* **BRIEF**
All of the data should be repeated exactly; pictures are not part of the copy.

* **INFORMATION PROVIDED**
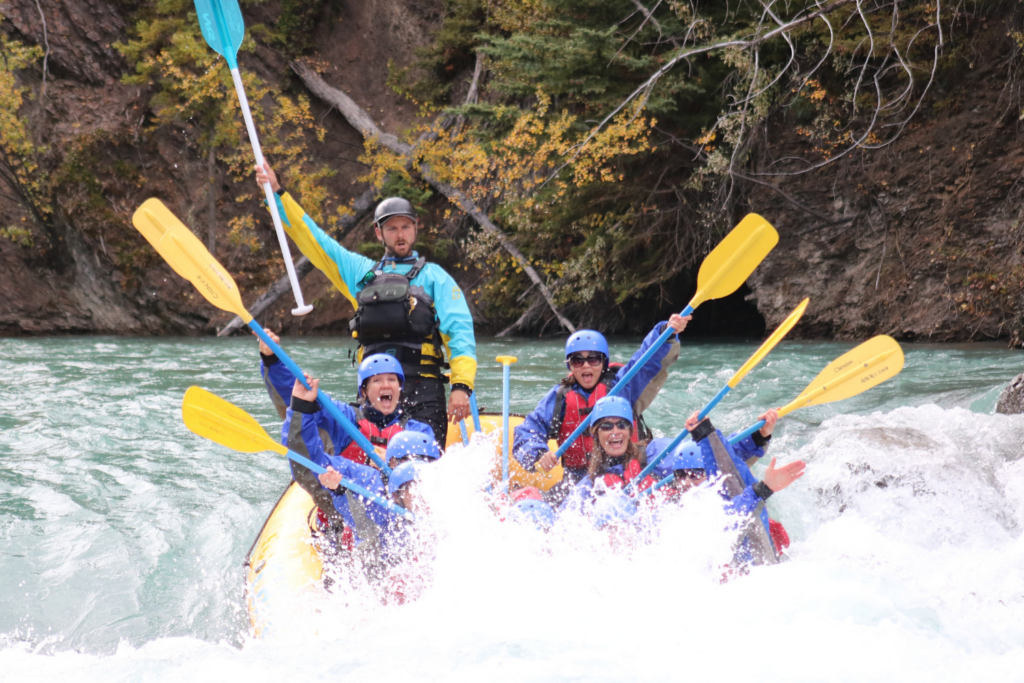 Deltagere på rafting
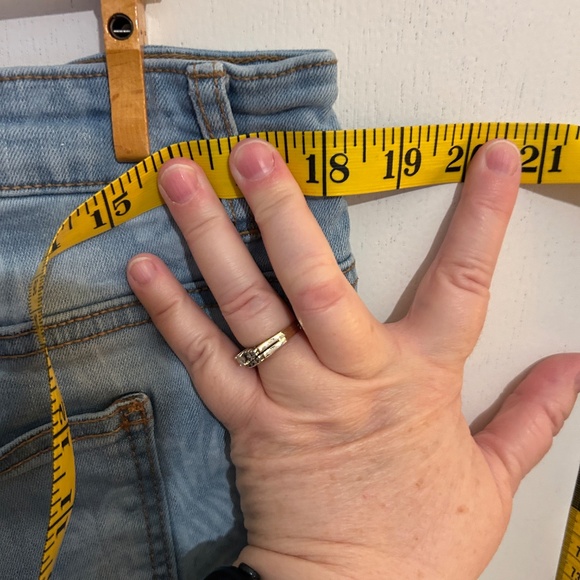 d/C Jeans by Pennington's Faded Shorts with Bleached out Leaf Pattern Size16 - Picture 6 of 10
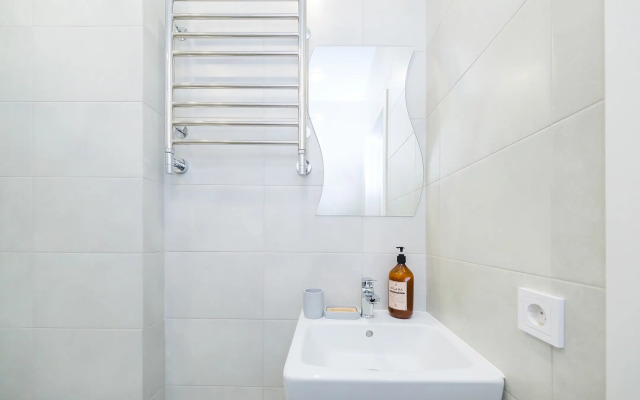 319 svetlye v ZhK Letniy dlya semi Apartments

* **WRITTEN ANSWER**
 Deltagere på rafting
 d/C Jeans by Pennington's Faded Shorts with Bleached out Leaf Pattern Size16 - Picture 6 of 10
 319 svetlye v ZhK Letniy dlya semi Apartments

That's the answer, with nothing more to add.